Requirement: Leave out the pictures and set down the rest of the listing below word for word.

Collected data:
+-------+

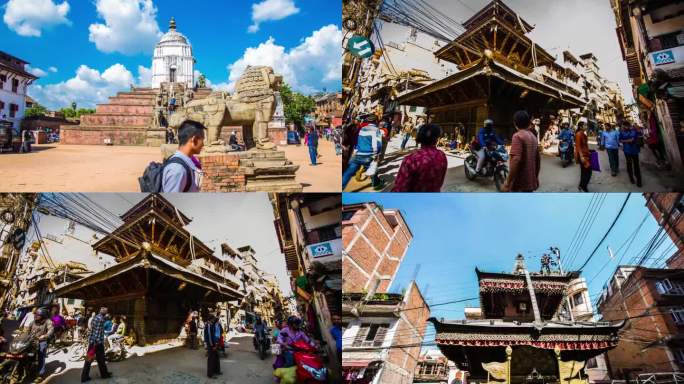 尼泊尔 古建筑 人文风情 延时实拍
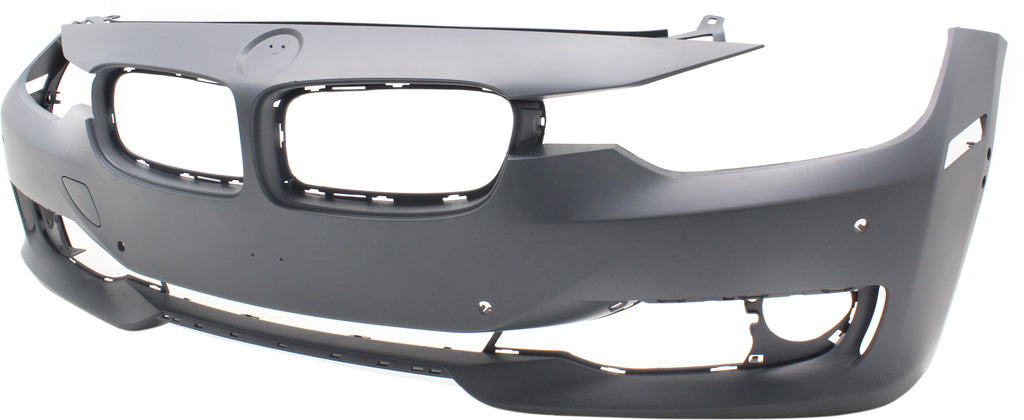 Front Bumper Cover Primed For 2012-2015 BMW 3-Series Without M Sport Line | HLW Holes With PDC Holes/IPAS/Cam Modern/Luxury/Sport Line Mdls Replacement REPB010360P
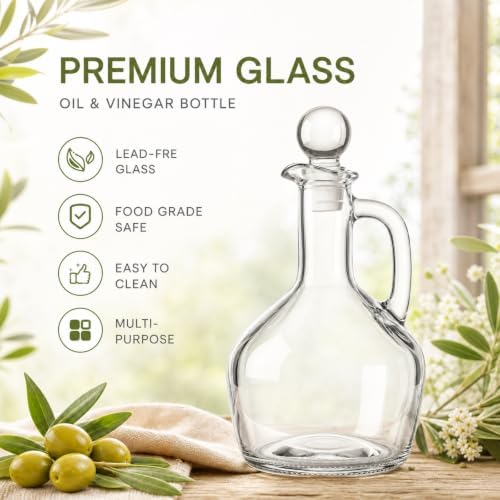 Suclain 6 Sets 14oz Glass Oil and Vinegar Cruet Set Round Oil Dispenser Olive Bottle with Airtight Stopper Salad Dressing Bottle Glass Condiment Container for Kitchen Homemade Olive Condiment(Clear)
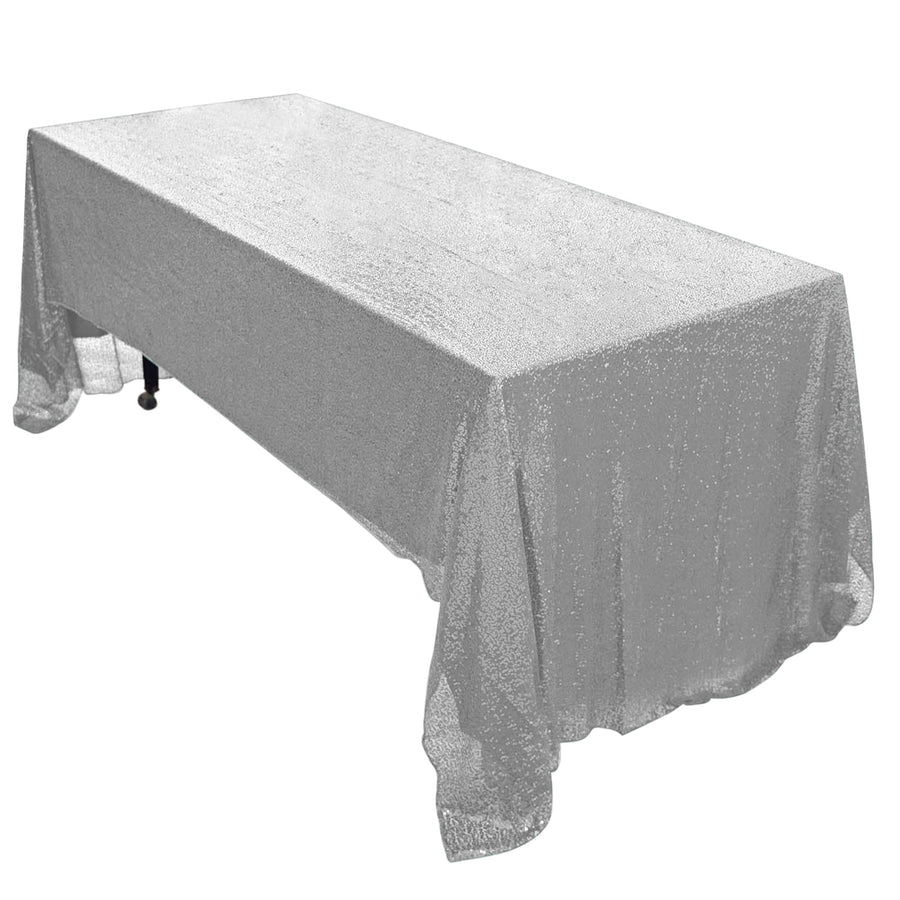 60"x126" Silver Premium SEQUIN Rectangle Tablecloth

+-------+

Written reply:
 尼泊尔 古建筑 人文风情 延时实拍
 Front Bumper Cover Primed For 2012-2015 BMW 3-Series Without M Sport Line | HLW Holes With PDC Holes/IPAS/Cam Modern/Luxury/Sport Line Mdls Replacement REPB010360P
 Suclain 6 Sets 14oz Glass Oil and Vinegar Cruet Set Round Oil Dispenser Olive Bottle with Airtight Stopper Salad Dressing Bottle Glass Condiment Container for Kitchen Homemade Olive Condiment(Clear)
 60"x126" Silver Premium SEQUIN Rectangle Tablecloth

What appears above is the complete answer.